I’m in the middle of a major nervous system rewrite (more on that here) and I’m learning things I never knew about myself. I’m learning that small things can carry big consequences when you’re viewing them through the lens of trauma.
There was a year I grew like a weed. I can’t remember how many inches but it was significant. We only got clothes at the beginning of the school year, and halfway through I grew out of my pants. Kids being kids, someone made fun of me. I don’t remember who, when, or how often. It could have been once or a hundred times. It could have been in jest, or it could have been in cruelty.
Whatever way it happened, my brain received it as a threat. By that time I’d already developed a trauma core around being cast out of the tribe, of being left behind. My nervous system was already fully dysregulated. It was like a house with an open floor plan - any emotion, regardless of the situation, flooded the room. So that one moment - however many times it happened - didn’t land as a joke or as kids being kids, I took it as a threat to my personhood, to my belonging.
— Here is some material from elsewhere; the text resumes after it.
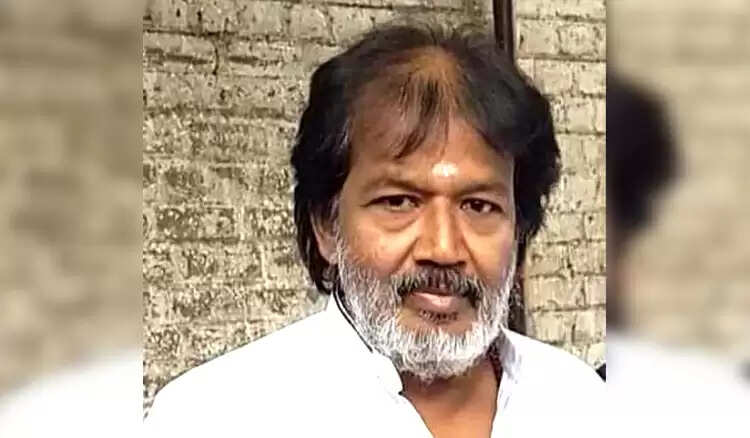 முதல் ரசிகர் மரணம்.. சோகத்தில் ரஜினி..! முதல் ரசிகர் மரணம்.. சோகத்தில் ரஜினி..!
Since the experience was encoded as a threat, it stuck. Back then, it manifested itself in shame and embarrassment. Wanting to hide, to shrink, to make myself invisible. I didn’t even realize it, but I carried that into adulthood. It shows up in many different ways but for the sake of brevity, my brain used socks as a low-stakes proxy for a high-stakes fear: if I choose wrong, I’ll be exposed again. It makes me feel like a sitting duck, like the floor could drop out from under me at any moment.
Now I’m learning there’s a whole different way to experience emotions. Turns out, in a regulated system, emotions have containers - they don’t leak into your self-worth. They don’t make you feel like you have to hide or shrink inside yourself. In a regulated system, it’s possible to experience embarrassment and not have it feel like a soul-level injury. In a regulated system, if the situation is small, the emotion is accordingly small. If you address the emotion, it resolves. It doesn’t linger for hours, days, weeks. It doesn’t coat you in a film of shame and disgust.
So when I went to change into comfy clothes and my shame spiral didn’t start? When I took a split second to decide what socks to wear instead of agonizing over the decision? When I picked a pair of socks that I have never allowed myself to wear with this hoodie because the blues didn’t match? The absence of self-hate, shame, criticism, the internal voice that is constantly telling me I’m worthless made me feel so good I started laughing. In my lived memory, choosing socks usually came with some kind of internal fallout. Yet here I was doing it in a fraction of a second and not being upset by my choice. The decision wasn’t the breakthrough - the silence was. The quiet in place of hate is so peaceful. So spacious. I could really get used to it here.
If your socks are carrying more weight than they should, it might not be about the socks. Follow it back to the root. Challenge the core belief. It might help you set that weight down.